The MAB framing is precise: each payment connector (Stripe, Adyen, Worldpay) is an "arm" of the bandit problem. The algorithm's task is to maximize the total reward (authorizations) across the transaction stream, given that the reward probability for each arm (each connector's authorization rate) is non-stationary and it changes over time as issuers update their fraud models, as connectors experience partial degradation, and as transaction mix shifts.

The explore-exploit split

The algorithm divides traffic into two pools:

Exploitation pool: Routes to the connector with the highest estimated authorization rate for the current transaction characteristics. This is the traffic that directly drives authorization rate improvement.

Exploration pool: Routes a configured percentage (exploration_percent) across all connectors including lower-performing ones, to continuously update performance estimates. Without exploration, the algorithm would stop updating data for connectors not currently winning, making it unable to detect when a previously lower-performing connector has improved.

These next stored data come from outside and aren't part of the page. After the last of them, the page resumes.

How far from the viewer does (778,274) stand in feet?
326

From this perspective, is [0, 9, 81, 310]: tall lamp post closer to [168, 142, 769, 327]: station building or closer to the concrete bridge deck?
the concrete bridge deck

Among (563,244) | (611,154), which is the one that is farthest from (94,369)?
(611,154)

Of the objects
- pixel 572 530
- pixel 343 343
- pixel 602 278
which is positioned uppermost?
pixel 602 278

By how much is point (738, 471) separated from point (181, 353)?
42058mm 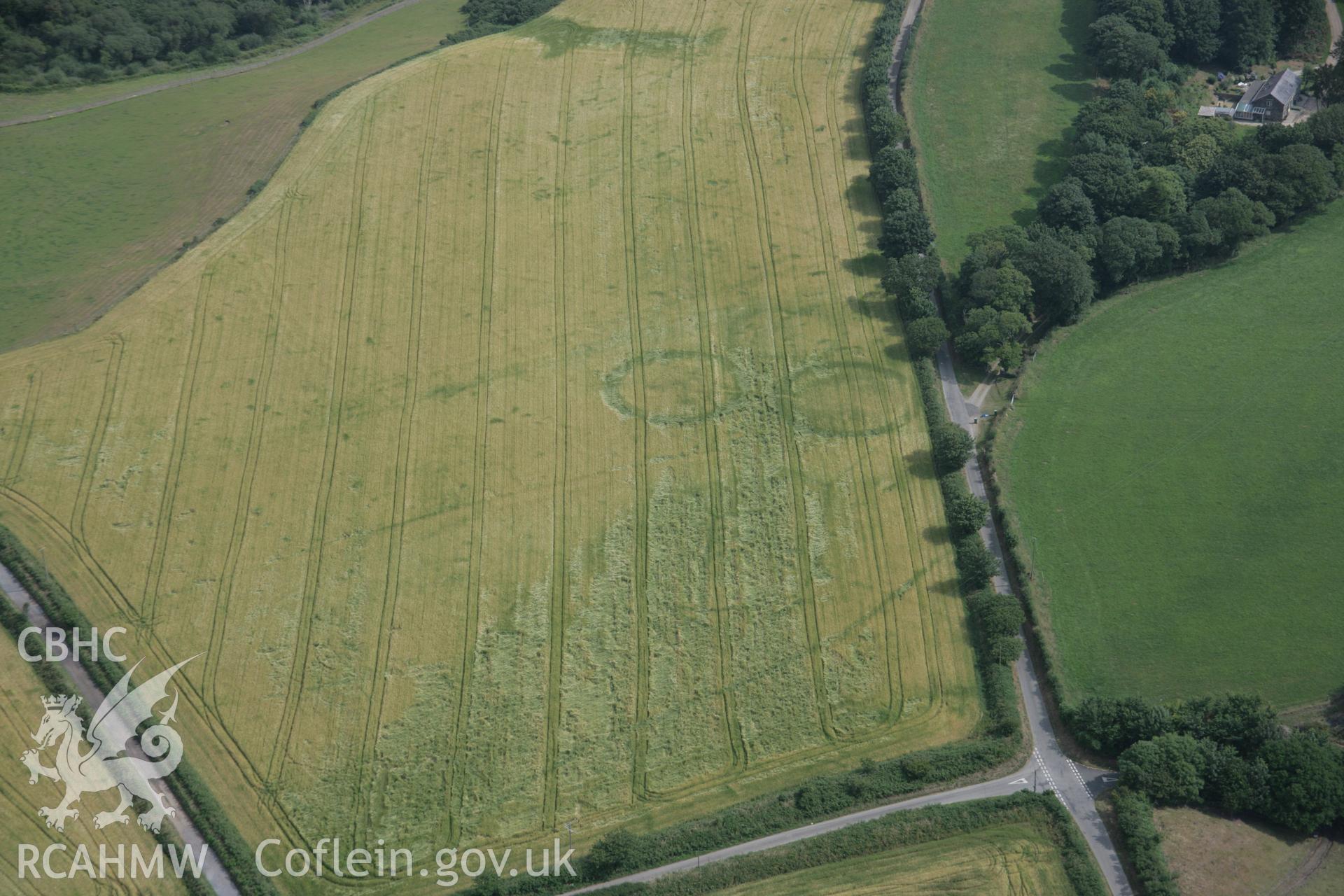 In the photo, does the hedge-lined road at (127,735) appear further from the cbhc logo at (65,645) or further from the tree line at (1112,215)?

A 5% exploration_percent means 5% of overall transactions are distributed at probabilistic intervals to all the underserved connectors; 95% of transactions are routed to the observed best-performing PSP. Reducing this number increases exploitation but slows the algorithm's ability to respond to changing conditions. Increasing it maintains more current data across all connectors at the cost of some short-term authorization rate loss.

The scoring pipeline

Two parameters control how the algorithm scores connectors:

Bucket_size : The number of historical measurement buckets included in the connector score calculation. A larger value makes the score more stable (less reactive to single-bucket fluctuations) but slower to respond to sustained connector performance changes. A smaller value makes the score more reactive but more volatile.

Hedging_percent: The percentage of traffic that will used for exploration which is used to track the performance of the gateway and use that to route the remaining transactions

Measured performance

In a 21-day test across a production merchant portfolio, Hyperswitch's dynamic MAB routing delivered a 83.19% authorization rate compared to 82.60% for rule-based routing alone, a 59 bps improvement. The dynamic approach also showed lower variance across the measurement period, meaning fewer authorization rate dips during off-peak periods or partial connector degradation events.

At $50M annual processing volume, 59 bps represents approximately $295,000 in additional authorized revenue annually even before accounting for the authorization rate protection during downtime events.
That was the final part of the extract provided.